Question

An airplane has to go from a point A to Point B, $500km$ away due $30°$ East of the north. A wind is blowing due north at a speed of $20m/s$. The air speed of the plane is $150m/s$. Find the direction in which the pilot should head the plane to reach point B.

Answer 1

Step 1: Given

Distance between points A and B: $D=500km$

Angle in north-east direction: $\theta =30°$

The velocity of the wind: $V_w=20m/s$

The velocity of the plane: $V_a=150m/s$

Step 2: Formula Used

$$\begin{gathered} In∆ABC, \\ \frac{\sin A}{a}=\frac{\sin B}{b}=\frac{\sin C}{c} \end{gathered}$$

Where, $a$ is length of $BC$, $b$ is length of $AC$ and $c$ is length of $AB$.

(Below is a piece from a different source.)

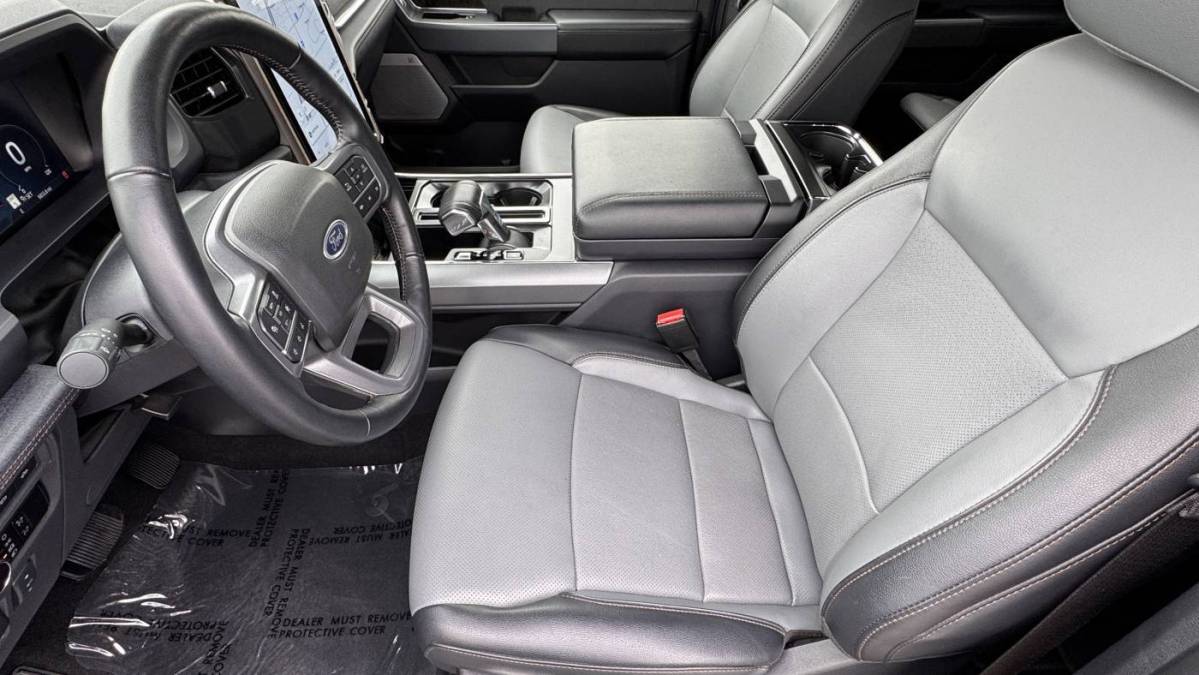 2023 Ford F-150 Lightning - Images - 12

Step 3: Find the direction of the plane

Calculate the value of A by using the sine formula on $∆ACD$.

$$\begin{gathered} \frac{\sin A}{20}=\frac{\sin 30}{150} \\ \Rightarrow \sin A=\frac{20}{150}\sin 30 \\ \Rightarrow \sin A=\frac{20}{150}\times \frac{1}{2} \\ \Rightarrow A={\sin }^{-1}\left(\frac{1}{15}\right) \end{gathered}$$

Hence, the direction must be ${\sin }^{-1}\left(\frac{1}{15}\right)$ towards east of AB.